### EXERCISE DETAILS
Retype the listing exactly, with no images.

### STORED DATA
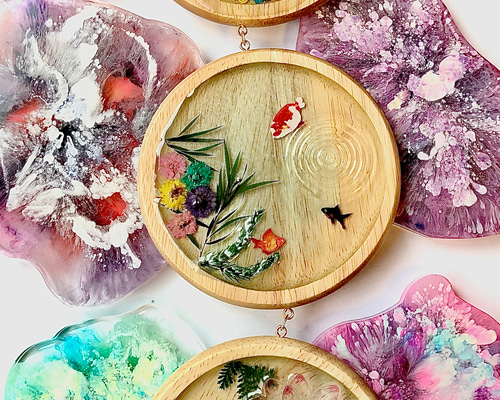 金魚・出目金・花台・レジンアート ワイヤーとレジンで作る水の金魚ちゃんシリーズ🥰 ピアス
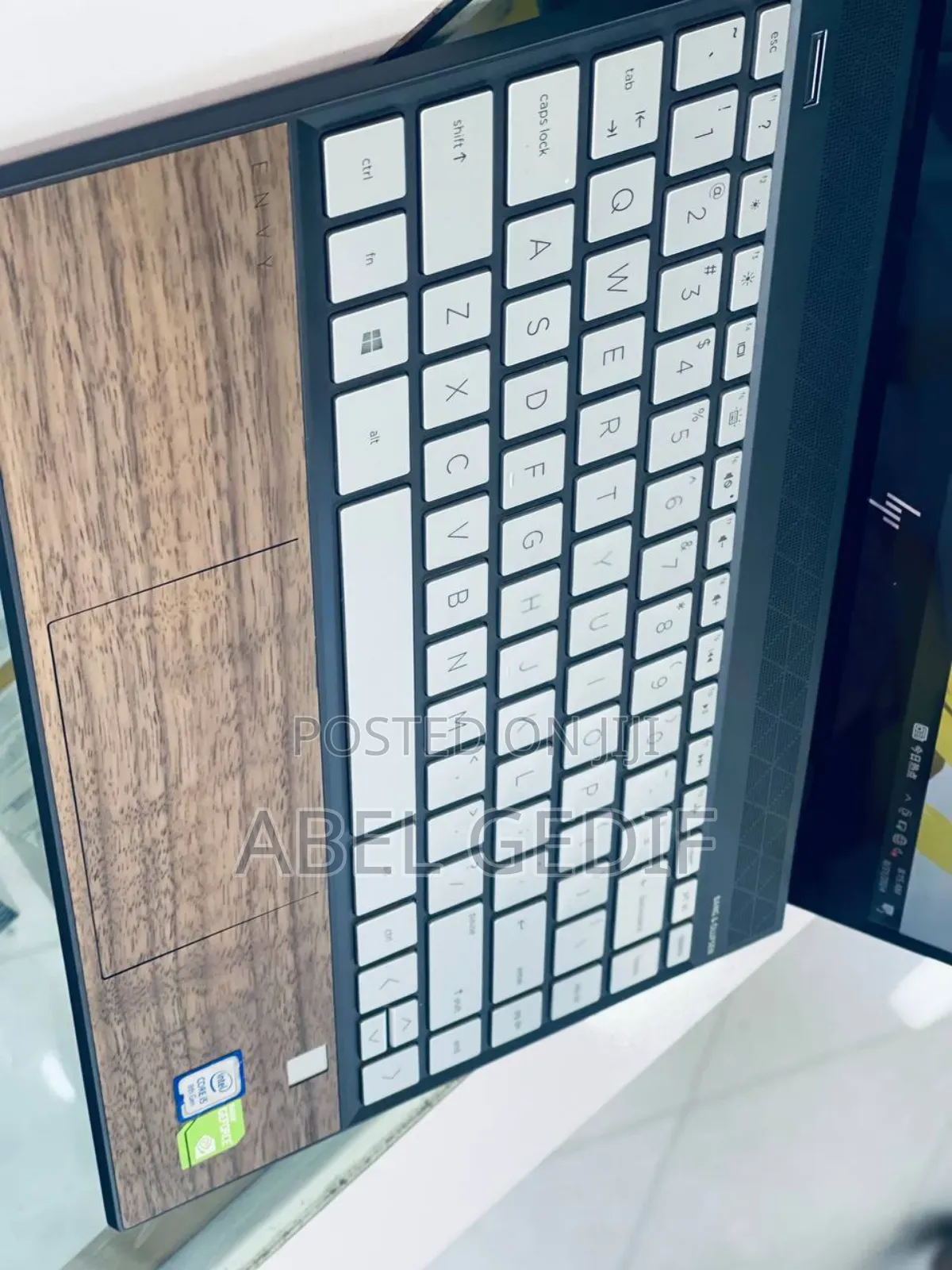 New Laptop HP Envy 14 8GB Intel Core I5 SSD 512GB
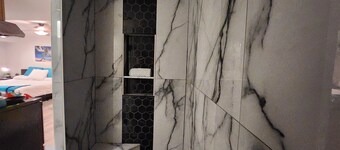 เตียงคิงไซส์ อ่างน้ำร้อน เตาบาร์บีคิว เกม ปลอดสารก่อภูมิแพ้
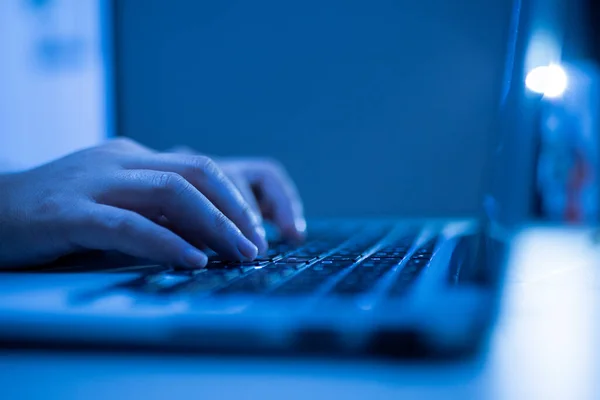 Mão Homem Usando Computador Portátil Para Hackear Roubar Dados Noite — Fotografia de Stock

### EXERCISE OUTPUT
 金魚・出目金・花台・レジンアート ワイヤーとレジンで作る水の金魚ちゃんシリーズ🥰 ピアス
 New Laptop HP Envy 14 8GB Intel Core I5 SSD 512GB
 เตียงคิงไซส์ อ่างน้ำร้อน เตาบาร์บีคิว เกม ปลอดสารก่อภูมิแพ้
 Mão Homem Usando Computador Portátil Para Hackear Roubar Dados Noite — Fotografia de Stock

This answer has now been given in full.